• [EXERCISE DIRECTIONS]:
Would you print, word for word, only the lines running from the line with "#MIKUEXPOLONDON https://t.co/cJeC7yjdYf" to the last line of the entries, without the pictures?
[TASK INPUT — start]
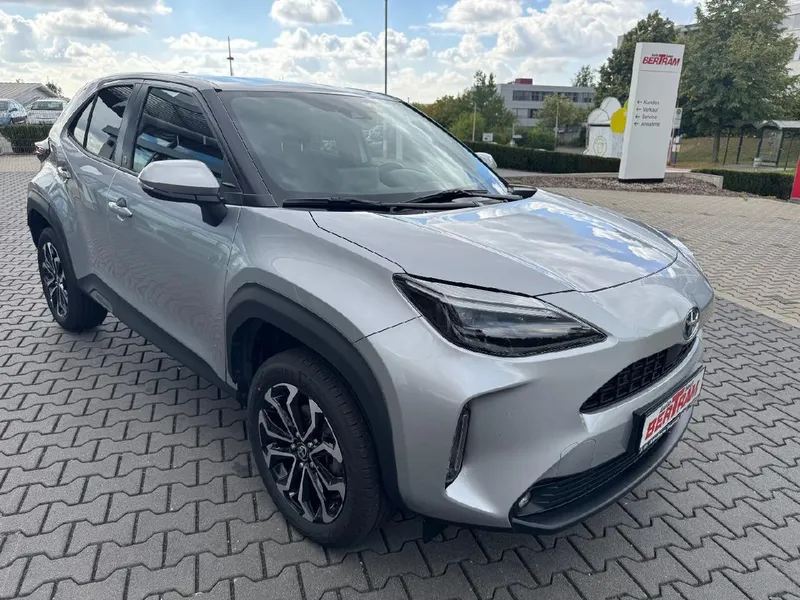Toyota Yaris Cross — Foto 3 von 12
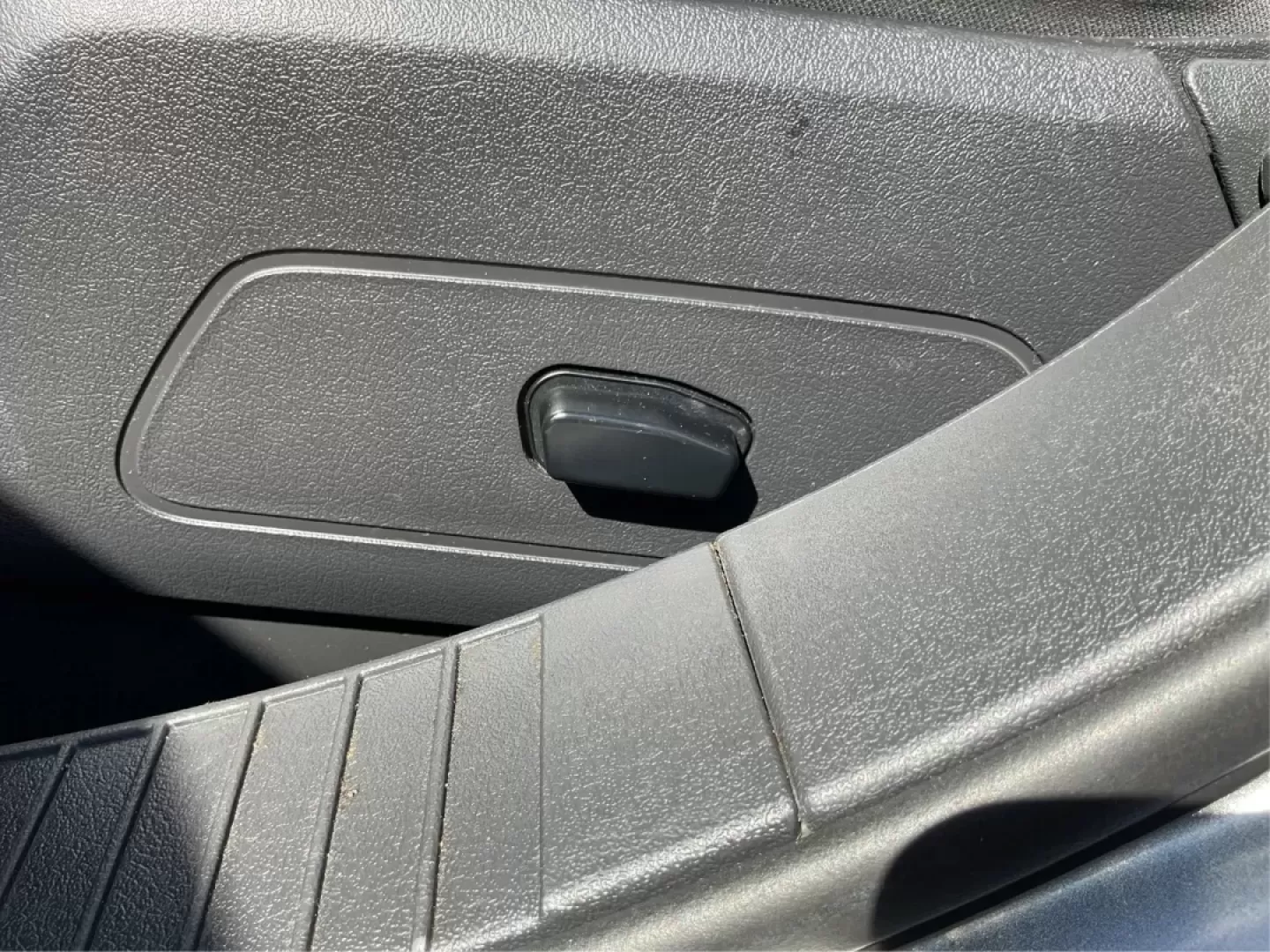 2016 Jeep Patriot High Altitude Edition (1C4NJPFA3GD) with an 2L I-4 DOHC engine, located at 1951 S Dayton Lakeview Rd., New Carlisle, OH, 45344, (937) 908-9800, 39.890999, -84.050255 - Explore the open roads and off-the-beaten-path adventures with this stunning 2016 Jeep Patriot High Altitude Edition, available now at Advantage Car and Credit in New Carlisle, OH. If you're a weekend warrior looking for a reliable and versatile SUV that accommodates your active lifestyle, this Jeep - Photo#17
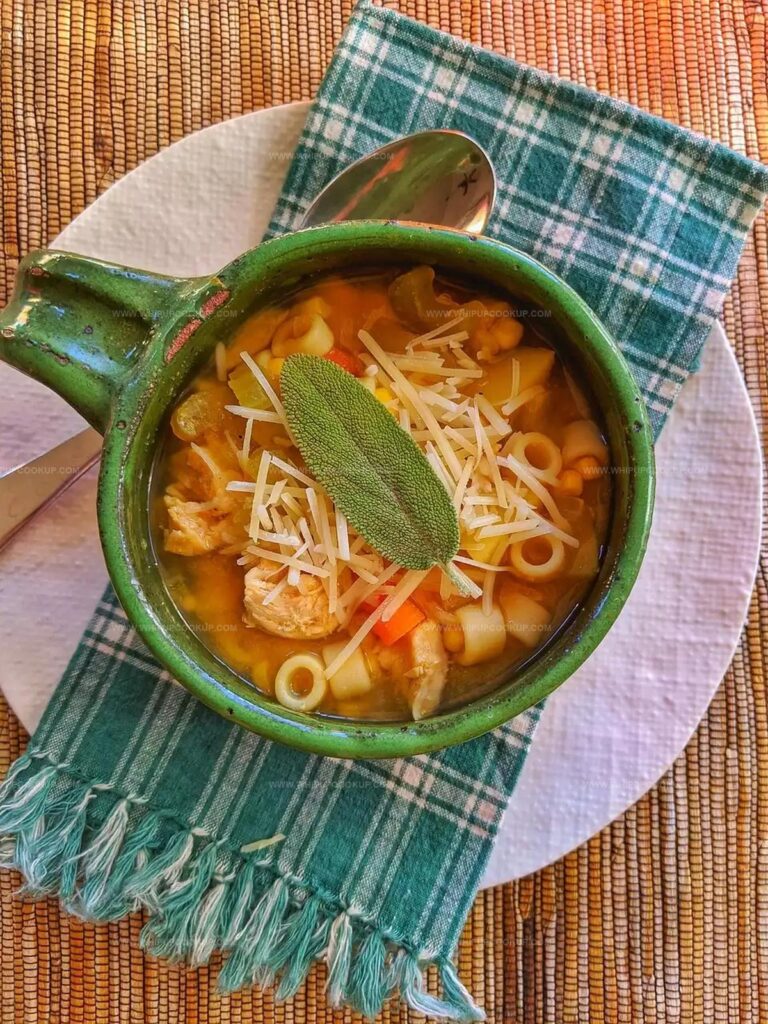 Easy Chicken Noodle Soup Recipe
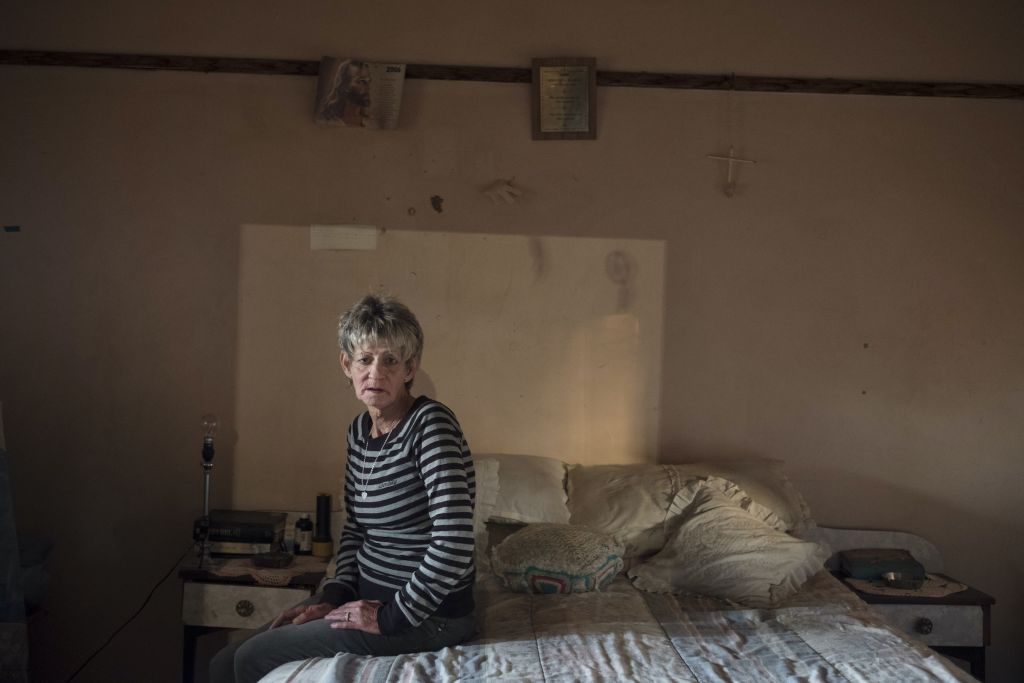 Quand Lindokuhle Sobekwa rencontre la famille de Dominique, la fillette et son frère sont les seuls à accepter d’être pris en photo. Mais le photographe ne perd pas espoir. En 2018, il fait le portrait de la grand-mère. « La famille nous a montré ses archives. Grâce à leurs albums photos, on a pu se rendre compte à quel point la zone a changé, les maisons se sont dégradées… Quand j’étais petit et que je voyais ma mère travailler là-bas, je pensais que cette communauté était bien lotie, mais en y retournant je me suis rendu compte qu’elle avait complètement décliné. »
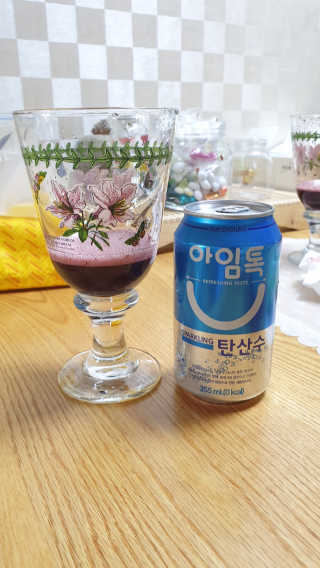일화 아임톡 탄산수 355ml X 24캔 — 5점을 준 리뷰어가 2020년 4월 올린 사용 사진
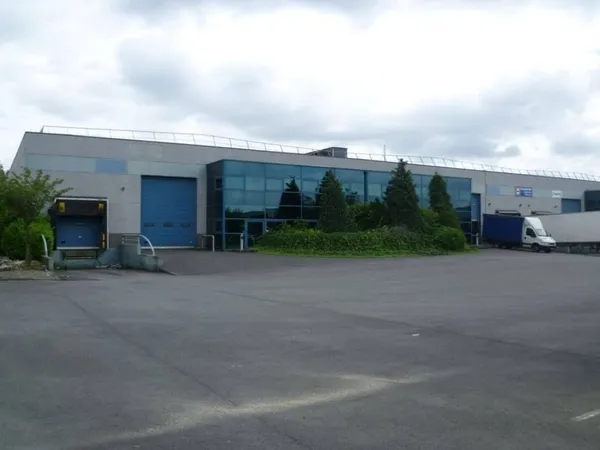 Entrepôt 2556 m²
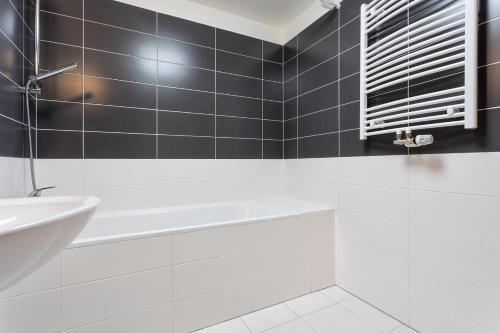 A bathroom at Spacious 96m2 Designer Apartment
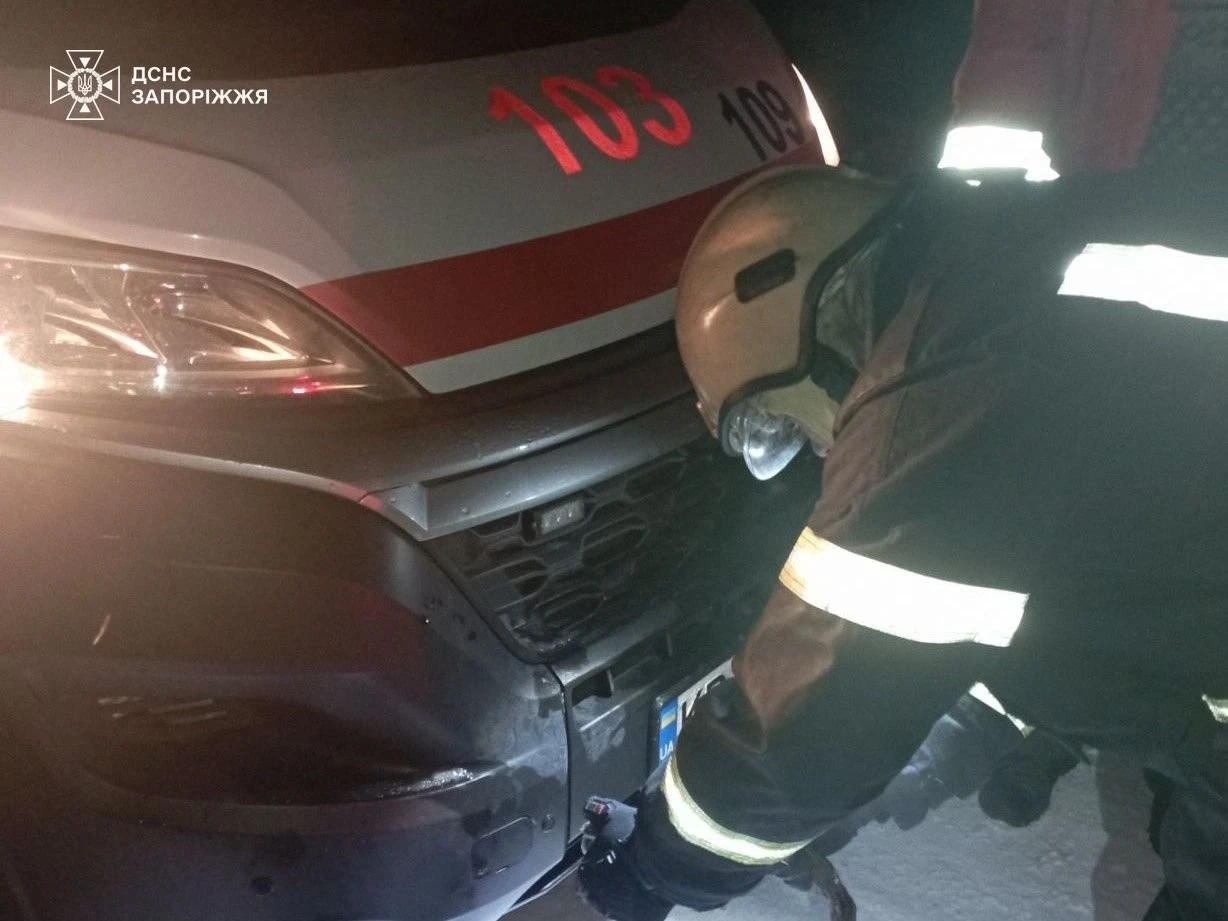 Снігопади паралізували рух: рятувальники витягували авто просто зі заметів у Запоріжжі
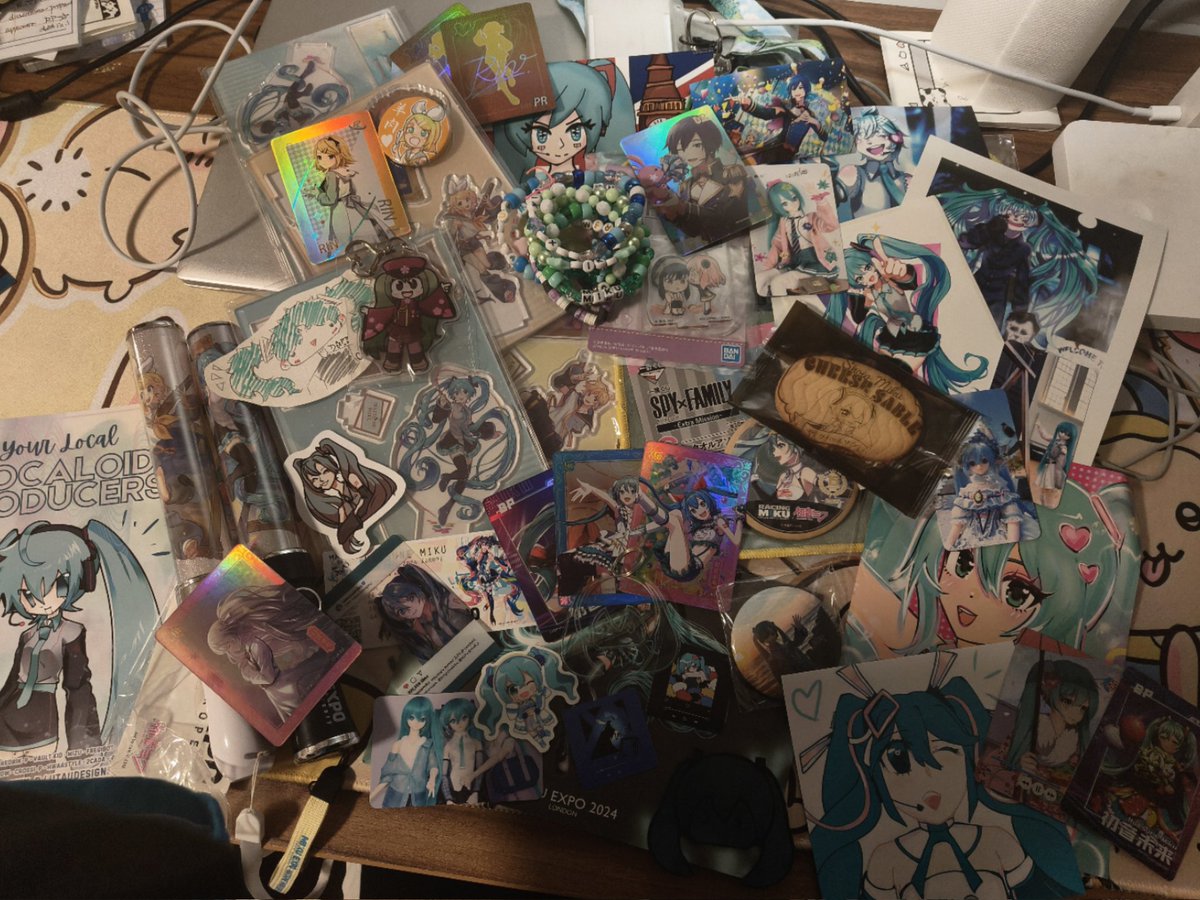JoyyyHan0823's tweet photo. Thank you London!
#MIKUEXPOLONDON https://t.co/cJeC7yjdYf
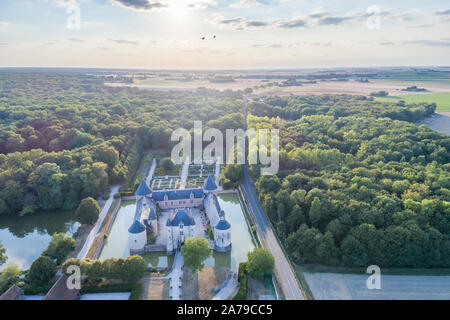 France, Loiret, Chilleurs aux Bois, Chateau de Chamerolles Park and Gardens (aerial view) // France, Loiret (45), Chilleurs-aux-Bois, parc et jardin d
[TASK INPUT — finish]
• [WRITTEN SOLUTION]:
#MIKUEXPOLONDON https://t.co/cJeC7yjdYf
 France, Loiret, Chilleurs aux Bois, Chateau de Chamerolles Park and Gardens (aerial view) // France, Loiret (45), Chilleurs-aux-Bois, parc et jardin d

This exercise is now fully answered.